The soldier shot him in the stomach at close range. The soldier then took off with his buddies without checking Hubb’s condition or calling for help. They left him to bleed on the stony ground. A few weeks later he died of his wounds. Arif Jaradat from the West Bank village of Sa’ir died at the age of 23.
The IDF spokesman said “the force spotted a Palestinian who was about to throw a Molotov cocktail” and the soldiers fired “to remove the threat.” This statement is embarrassingly fallacious.

First of all, the eyewitnesses said Arif only shouted at the soldiers out of fear, as he always did when he encountered the military. And whether or not the soldiers could see they were facing a young man with Down syndrome, it was clear that if it had been a firebomb, the soldiers would have arrested Arif after wounding him. But they shot him and got out of there.
A few kilometers from Sa’ir, in Kiryat Arba, the shocking murder of Hallel Yaffa Ariel in her sleep was committed over the weekend. She too was helpless, she too was young and innocent. “How do you mourn a 13-year-old?” her mother shouted out. She’s right. And how do you mourn a young man with Down syndrome? The hearts quivered, the tears poured and the throats choked, both in Kiryat Arba and Sa’ir.

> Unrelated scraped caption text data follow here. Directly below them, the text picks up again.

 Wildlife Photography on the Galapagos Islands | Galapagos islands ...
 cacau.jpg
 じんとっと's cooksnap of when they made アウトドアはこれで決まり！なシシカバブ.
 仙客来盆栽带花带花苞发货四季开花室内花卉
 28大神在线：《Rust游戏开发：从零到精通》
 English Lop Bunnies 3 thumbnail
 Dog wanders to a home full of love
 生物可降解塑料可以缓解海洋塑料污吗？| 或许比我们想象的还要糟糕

Mahmoud Rafat Badran, a youth of 15, was on his way home with friends a few days ago after a visit to a water park. Israeli soldiers riddled their car with 15 bullets, thinking its passengers had thrown stones on Route 443. Rafat was killed and four of his friends were seriously wounded from the indiscriminate shooting. The army said the firing was “mistaken.”

The Mark family was driving south of Mount Hebron in the West Bank on Friday. Palestinians sprayed their car with 19 bullets, killing the father, Michael, and seriously wounding his wife and two of his children. The first to rush to their aid were Palestinian passersby, one of them a doctor who resuscitated the mother, and a Red Crescent ambulance. Again life was cut short, again tears poured.

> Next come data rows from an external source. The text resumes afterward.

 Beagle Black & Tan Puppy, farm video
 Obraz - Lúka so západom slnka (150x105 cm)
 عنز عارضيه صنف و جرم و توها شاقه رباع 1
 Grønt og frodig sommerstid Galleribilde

Arif Jaradat.Tomer Appelbaum (reproduction)
All these killings are different, yet similar. To most Israelis, these cases can’t be compared. The very mention of similarity moves them to holy fury. But the truth is, a helpless person is a helpless person, whether it’s a girl sleeping in her bed or a young man with Down syndrome. Killing them is heinous.
Riddling a car with bullets is also heinous. True, the Palestinians who fired at the car from Otniel intended to kill its passengers, while the soldiers who fired at the car from Beit Ur al-Tahta said they killed by mistake, but their mistake appears unacceptable.
Fifteen bullets by mistake? They fired indiscriminately at a car without intending to kill the passengers? The Palestinians shoot as part of their resistance to the occupation. The Israelis shoot as part of their resistance to the resistance. The motives are different, the results identical and horrendous, even if many more Palestinians are killed.
Most Israelis live in denial as a result of the brainwashing they’re subjected to. Terror exists only on the Palestinian side, only they act with brutality and inhumanity. The parallel reality is hidden from the eye – whoever heard about the killing of the helpless young man from Sa’ir? What’s worse, there’s no willingness to consider the incident from the Palestinian point of view.
Behind all this hides the most deeply rooted assumption in Israel – that the Palestinians aren’t human beings like us. Their blood isn’t our blood, spilling their blood isn’t as bad as our blood being spilled.
The day more Israelis are willing to compare the killing of Arif Jaradat to the killing of Hallel Yaffa Ariel, the day more Israelis recognize the injustice and crimes their country is committing, the first step will be taken to reduce the bloodshed. Until then, it will go on. Nothing will stop it.